Fundamental and applied synthetic biology
Through the careful application of genetic engineering, synthetic biological systems can be constructed to harness biotransformation for useful purposes. In an era of genome-scale DNA assembly, the lack of technologies to design and rapidly implement biological devices and systems with predictable behaviors is striking. We are interested in developing design-driven engineering approaches to build bigger and more complex systems. In our work, we combine biochemical and biophysical modeling, computational design and analysis, in vitro selection, and genetic engineering in microbial hosts and synthetic cell systems. We organize our efforts around applications to address unmet needs for renewable chemicals and to produce drugs, and other materials for health.
Metabolic control system design
Metabolic engineering introduces stresses to the host resulting from the unregulated consumption of resources, accumulation of toxic products, and non-specific substrate utilization. In nature, metabolic control problems are solved with dynamic regulatory functions that couple chemical inputs to specific outputs that modulate enzymatic activities and program responses to changing cellular and environmental conditions. In principle, it should be possible to increase the sizes and complexities of engineered biological systems by engineering dynamic genetic controls that automatically balance resource supplies and demands. In practice, genetic control system design spaces are enormous and very little is known about the functional constraints on dynamic metabolic control circuitry. We have developed computational approaches to perform large scale simulation analysis that can be used to identify control system designs predicted to improve production titers, illustrating how techniques applied from data science can drive the design of complex genetic control systems. Looking ahead, integrating advanced computational simulations with massively-scaled experimental analysis will allow us to test RNA-based genetic control system design limits and uncover architectures to improve biosynthesis titers, rates and yields.
CRISPR-Cas transcriptional programs
Dramatic successes in bioproduction have been achieved through extensive and laborious efforts to optimize pathway functions and re-engineer multi-gene regulatory networks in microbial hosts. To increase the speed and efficacy with which complex, multi-gene expression programs can be created, we need methods to easily target and manipulate individual genes. The recent development of the CRISPR-Cas system as an engineering platform has resulted in widely-used tools for programmable transcriptional inhibition (CRISPRi) and activation (CRISPRa). Importantly, these approaches can be applied to target multiple genes based on predictable Watson-Crick base pairing by expressing guide RNAs (gRNAs) for each gene of interest. We have developed architectures for expressing multiple gRNAs to build synthetic information processing circuits and created strategies to perform CRISPRa and CRISPRi concurrently and independently in bacteria the same way as in yeast. We have also established new design rules suggesting that dynamic, multi-gene CRISPR-Cas transcriptional networks and systems will soon be achievable. Combining such tools with our aptamer-based technologies for high-throughput screens and for dynamic genetic control will create capabilities for rapidly identifying efficient bioproduction programs.
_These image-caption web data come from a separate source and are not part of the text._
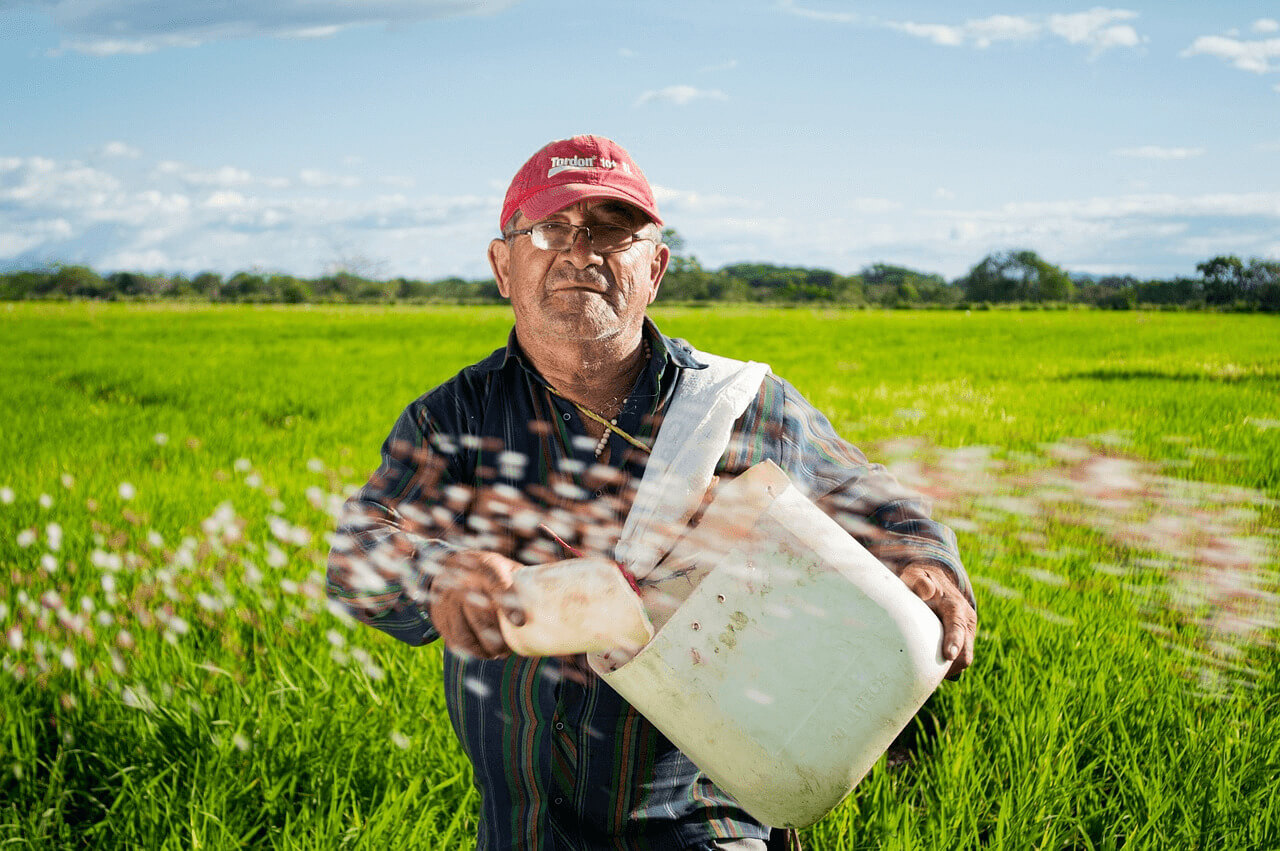 Compromiso de Adpan con la sostenibilidad y el medio ambiente.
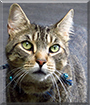 Buck the American Tabby Cat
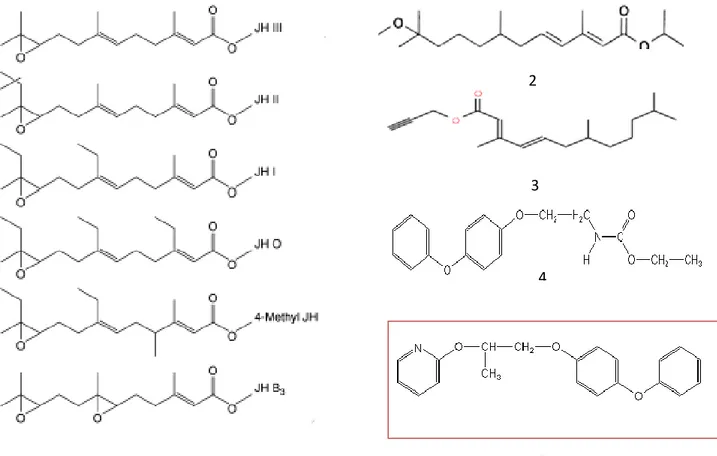 Figure  3.  Structure  chimique  de  la  20E  (1),  RH-5849  (2),    RH-5992  (tebufénozide)  (3), RH-2485 (méthoxyfénozides) (4), RH-0345 (hahofénozide) (5) (d’après Dhadialla 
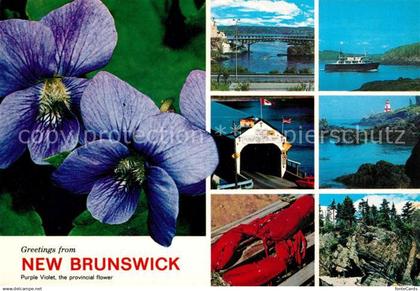 73126556 New Brunswick Nouveau Brunswick ---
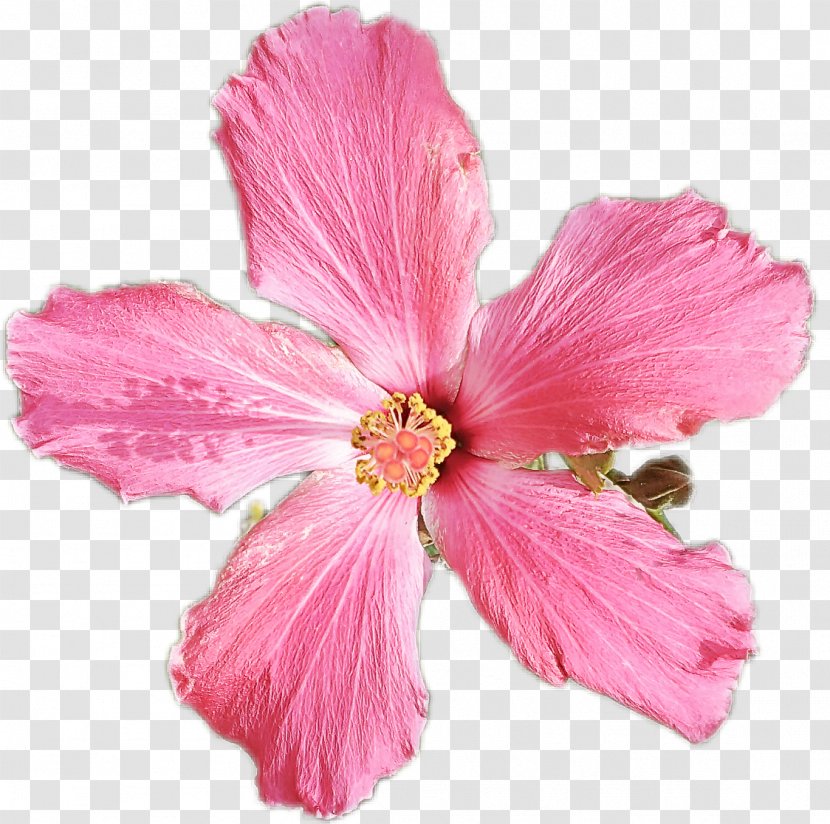 Flower Flowering Plant Petal Pink Hawaiian Hibiscus - Mallow Family - Herbaceous Transparent PNG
Quantitative RNA aptamer device design
In an era of genome-scale DNA assembly, there remains a striking lack of technologies for designing biological systems to meet targeted functional criteria. We have formulated design-driven approaches that combine mechanistic modeling and kinetic RNA folding simulations to engineer static and dynamic, metabolite-controlled genetic regulators with quantitatively-predictable functions. We have also shown that RNA aptamer-based biosensors can be engineered using a novel approach for multi-state RNA folding design. The resulting devices can measure metabolic production directly from engineered microbial cultures. This new class of biosensors can be used to optimize bioproduction using high-throughput analysis and data driven workflows. Ultimately, we hope the further development of our work in RNA engineering may permit the fully-rational design of RNA aptamer devices for customized biosensing or genetic control
Cell-free synthetic biology
The bottom-up construction of synthetic cell systems (SCSs) that mimic specific biological functions is arising as a promising approach for reproducible biomanufacturing. Cell-free transcription-translation (TXTL) has emerged as one of the most robust and popular experimental technologies to prototype SCSs capable of recapitulating enzymatic reaction cascades. The major advantage of the TXTL-based SCS approach is to enable the construction of SCSs that are genetically programmable, facilitating the integration of biological functions, especially those that require membrane proteins. Working with collaborators, we are integrating emerging technologies for membrane-based TXTL and CRISPR-Cas genetic control with enzyme discovery and multi-gene pathway engineering. Entirely new classes of bio-nano material functions would be enabled by the development of cell-free membrane-based systems, including for drug delivery, fundamental studies, and biocatalysis. The immediate result of our work will be the development of cell-free platforms that emulate plant cell environments and enable rapid prototyping, bioprospecting, and optimization of plant natural product biosynthesis. Eventually, we believe that these efforts could generate foundational knowledge that transforms the field of biomanufacturing.